With pictures left out, set down exactly the lines from the line containing "Backyard pool area" through the last line of the data.

> **SUPPLIED DATA**
====

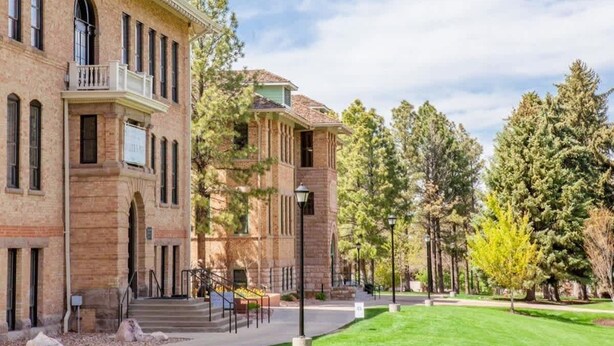A historic building with a brick facade, a balcony, and a well-maintained lawn with trees.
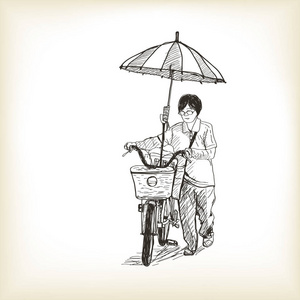 一个女孩骑自行车到市场和适应在自行车上的雨伞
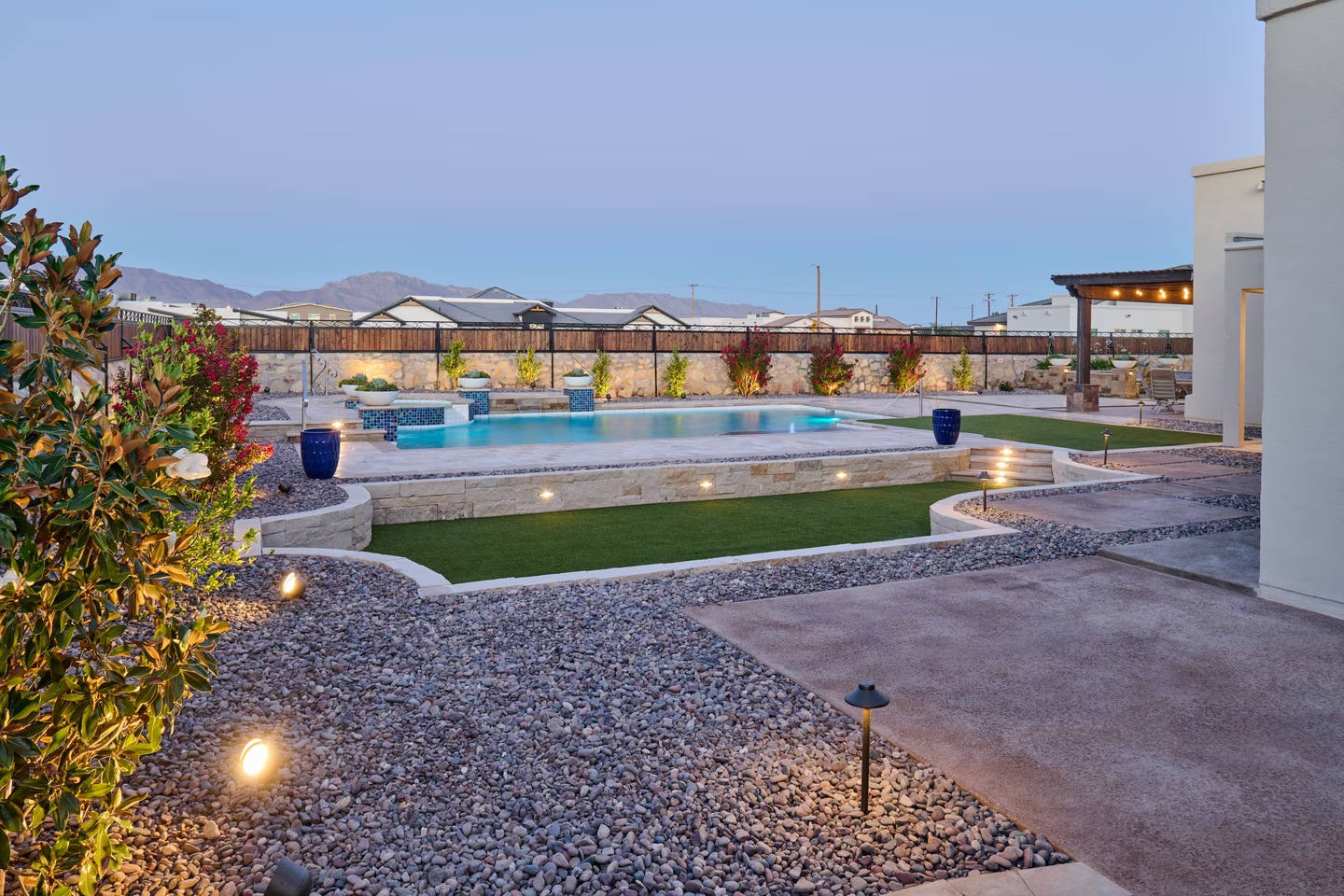 Backyard pool area at dusk with pool, landscaping, and pathway lighting. Mountains in background.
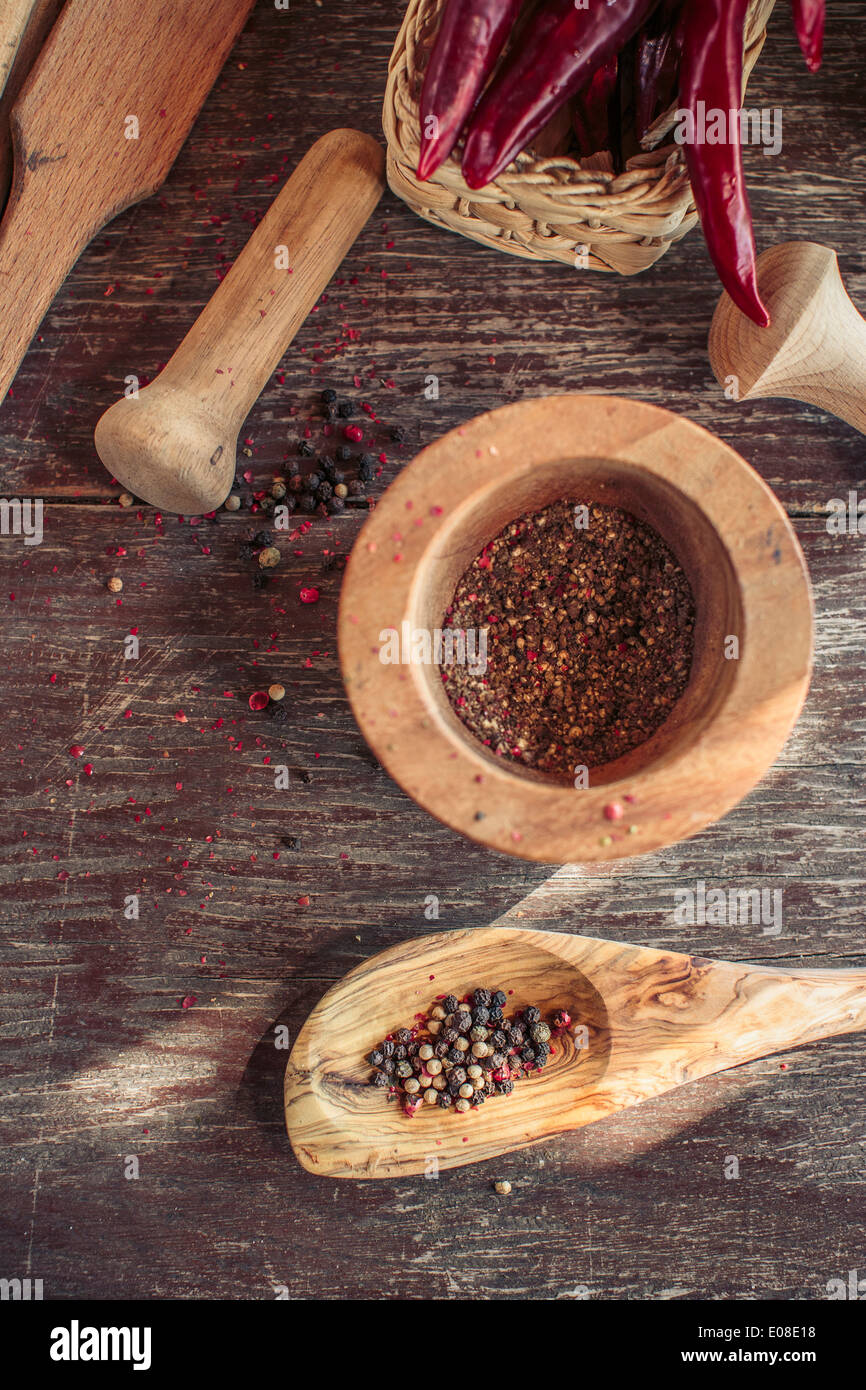 Fresh pepper, mortar and pestle Stock Photo Alamy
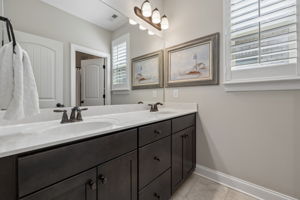 Second full bath with double sink/vanity.  Shower/tub combo in private separate area.  Allows privacy and convenience.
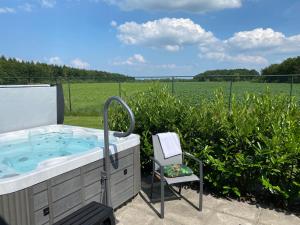 a hot tub and a chair in front of a field at Summio Villaparc Schoonhovenseland in Hollandscheveld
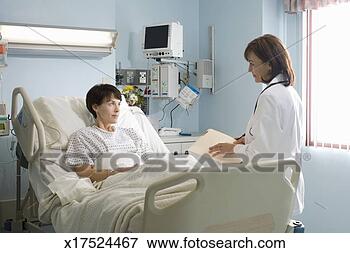 Picture - female doctor 
talking to female 
patient lying 
in hospital bed. 
fotosearch - search 
stock photos, 
pictures, images, 
and photo clipart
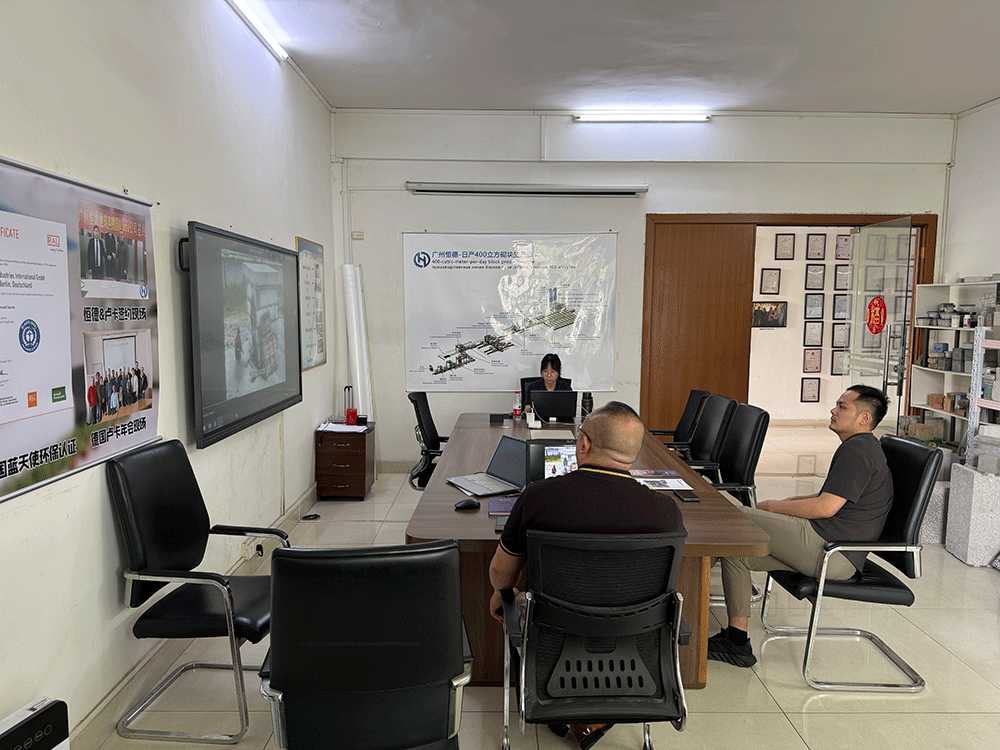 Guyana project team reviewing HENGDE lightweight block production equipment — factory visit image 2
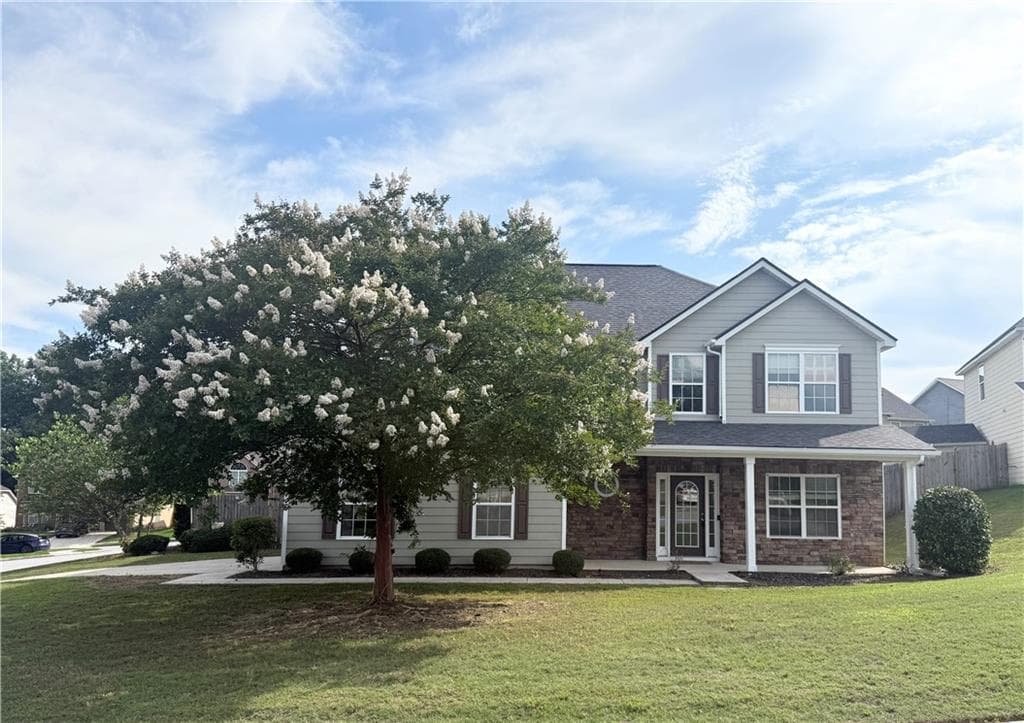 4 bedroom, 3 bathroom, 3,026 sq ft single family residence for sale at 1115 Grey Rock Way, Suwanee, GA 30024 — photo 2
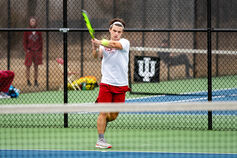 An IU Southeast Men's Tennis player returns a ball.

====

> **WRITTEN SOLUTION**
 Backyard pool area at dusk with pool, landscaping, and pathway lighting. Mountains in background.
 Fresh pepper, mortar and pestle Stock Photo Alamy
 Second full bath with double sink/vanity.  Shower/tub combo in private separate area.  Allows privacy and convenience.
 a hot tub and a chair in front of a field at Summio Villaparc Schoonhovenseland in Hollandscheveld
 Picture - female doctor 
talking to female 
patient lying 
in hospital bed. 
fotosearch - search 
stock photos, 
pictures, images, 
and photo clipart
 Guyana project team reviewing HENGDE lightweight block production equipment — factory visit image 2
 4 bedroom, 3 bathroom, 3,026 sq ft single family residence for sale at 1115 Grey Rock Way, Suwanee, GA 30024 — photo 2
 An IU Southeast Men's Tennis player returns a ball.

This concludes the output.